[Exercise details] Working from the records below, repeat exactly the lines starting at the line that contains "Bronze Tiffany & Co. Art Deco Table Clock" and ending at the line that contains "Geisha's Pagoda Tale", inclusive.

+++

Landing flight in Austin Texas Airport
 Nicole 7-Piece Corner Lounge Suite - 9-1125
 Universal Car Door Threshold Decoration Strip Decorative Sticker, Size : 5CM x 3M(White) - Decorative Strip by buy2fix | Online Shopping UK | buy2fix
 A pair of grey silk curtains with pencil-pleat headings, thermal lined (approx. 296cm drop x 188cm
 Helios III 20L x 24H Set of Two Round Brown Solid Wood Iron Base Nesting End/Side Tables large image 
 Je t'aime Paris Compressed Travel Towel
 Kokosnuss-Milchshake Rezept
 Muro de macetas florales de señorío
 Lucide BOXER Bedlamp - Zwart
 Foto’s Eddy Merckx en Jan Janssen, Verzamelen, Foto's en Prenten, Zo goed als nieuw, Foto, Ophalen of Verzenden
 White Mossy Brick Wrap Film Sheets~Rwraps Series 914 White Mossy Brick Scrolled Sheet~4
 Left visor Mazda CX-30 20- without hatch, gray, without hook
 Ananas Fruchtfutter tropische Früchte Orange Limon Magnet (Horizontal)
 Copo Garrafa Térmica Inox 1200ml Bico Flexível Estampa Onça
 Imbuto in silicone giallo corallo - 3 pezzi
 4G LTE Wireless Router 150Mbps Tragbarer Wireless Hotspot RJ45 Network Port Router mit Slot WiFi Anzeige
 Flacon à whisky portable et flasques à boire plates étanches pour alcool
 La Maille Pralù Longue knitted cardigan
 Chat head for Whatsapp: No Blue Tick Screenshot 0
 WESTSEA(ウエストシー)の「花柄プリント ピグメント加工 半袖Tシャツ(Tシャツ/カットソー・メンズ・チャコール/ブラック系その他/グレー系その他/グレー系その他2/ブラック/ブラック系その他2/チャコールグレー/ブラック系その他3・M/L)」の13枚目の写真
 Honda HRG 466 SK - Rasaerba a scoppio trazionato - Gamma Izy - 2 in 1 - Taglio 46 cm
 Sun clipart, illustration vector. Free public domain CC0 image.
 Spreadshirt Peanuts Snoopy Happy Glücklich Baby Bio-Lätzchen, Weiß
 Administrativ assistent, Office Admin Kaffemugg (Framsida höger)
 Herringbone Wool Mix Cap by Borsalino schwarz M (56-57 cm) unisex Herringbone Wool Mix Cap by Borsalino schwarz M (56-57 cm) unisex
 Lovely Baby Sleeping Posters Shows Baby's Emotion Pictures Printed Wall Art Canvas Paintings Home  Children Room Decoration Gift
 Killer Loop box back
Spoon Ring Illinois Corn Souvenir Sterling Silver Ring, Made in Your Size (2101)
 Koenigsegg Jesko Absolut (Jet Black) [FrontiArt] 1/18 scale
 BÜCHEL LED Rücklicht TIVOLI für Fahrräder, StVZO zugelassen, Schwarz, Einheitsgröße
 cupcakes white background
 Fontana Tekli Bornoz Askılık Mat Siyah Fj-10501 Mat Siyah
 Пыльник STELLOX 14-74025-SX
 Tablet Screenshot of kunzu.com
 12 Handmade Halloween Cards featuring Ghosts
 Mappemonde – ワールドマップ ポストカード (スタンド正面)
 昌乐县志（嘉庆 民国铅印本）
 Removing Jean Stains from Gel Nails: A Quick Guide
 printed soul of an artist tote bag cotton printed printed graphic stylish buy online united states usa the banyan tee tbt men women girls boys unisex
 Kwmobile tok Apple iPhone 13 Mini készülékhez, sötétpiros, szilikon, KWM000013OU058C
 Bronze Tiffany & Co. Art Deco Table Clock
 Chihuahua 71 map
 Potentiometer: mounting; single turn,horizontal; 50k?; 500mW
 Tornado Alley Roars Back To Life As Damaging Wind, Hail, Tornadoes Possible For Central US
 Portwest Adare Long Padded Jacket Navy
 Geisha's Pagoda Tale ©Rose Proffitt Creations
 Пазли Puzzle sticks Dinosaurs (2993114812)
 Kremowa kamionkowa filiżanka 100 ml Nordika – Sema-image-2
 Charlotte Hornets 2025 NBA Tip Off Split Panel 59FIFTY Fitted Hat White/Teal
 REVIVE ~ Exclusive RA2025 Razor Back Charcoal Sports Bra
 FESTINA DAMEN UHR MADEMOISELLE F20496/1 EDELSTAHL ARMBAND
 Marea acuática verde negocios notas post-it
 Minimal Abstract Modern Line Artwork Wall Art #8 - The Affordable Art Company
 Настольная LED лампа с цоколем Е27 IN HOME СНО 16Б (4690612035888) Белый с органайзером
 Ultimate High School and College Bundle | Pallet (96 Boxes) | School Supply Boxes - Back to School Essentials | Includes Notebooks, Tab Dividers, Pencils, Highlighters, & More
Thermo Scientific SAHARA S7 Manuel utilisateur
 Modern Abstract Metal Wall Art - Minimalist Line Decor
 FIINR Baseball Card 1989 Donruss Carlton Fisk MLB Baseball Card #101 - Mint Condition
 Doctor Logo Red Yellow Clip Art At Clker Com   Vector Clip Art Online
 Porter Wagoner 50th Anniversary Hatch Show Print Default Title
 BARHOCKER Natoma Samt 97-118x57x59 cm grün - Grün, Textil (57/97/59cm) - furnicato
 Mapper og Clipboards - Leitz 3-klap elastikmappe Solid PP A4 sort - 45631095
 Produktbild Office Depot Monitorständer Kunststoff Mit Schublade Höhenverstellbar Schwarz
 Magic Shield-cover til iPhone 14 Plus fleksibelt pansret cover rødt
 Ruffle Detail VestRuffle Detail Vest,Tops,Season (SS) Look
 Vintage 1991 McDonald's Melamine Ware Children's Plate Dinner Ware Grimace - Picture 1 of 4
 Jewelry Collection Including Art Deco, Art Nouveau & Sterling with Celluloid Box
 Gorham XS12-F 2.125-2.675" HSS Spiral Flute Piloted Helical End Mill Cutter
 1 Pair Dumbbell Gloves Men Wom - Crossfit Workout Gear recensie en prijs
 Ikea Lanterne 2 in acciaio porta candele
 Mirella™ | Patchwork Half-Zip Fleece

+++

[Solution for this exercise]
 Bronze Tiffany & Co. Art Deco Table Clock
 Chihuahua 71 map
 Potentiometer: mounting; single turn,horizontal; 50k?; 500mW
 Tornado Alley Roars Back To Life As Damaging Wind, Hail, Tornadoes Possible For Central US
 Portwest Adare Long Padded Jacket Navy
 Geisha's Pagoda Tale ©Rose Proffitt Creations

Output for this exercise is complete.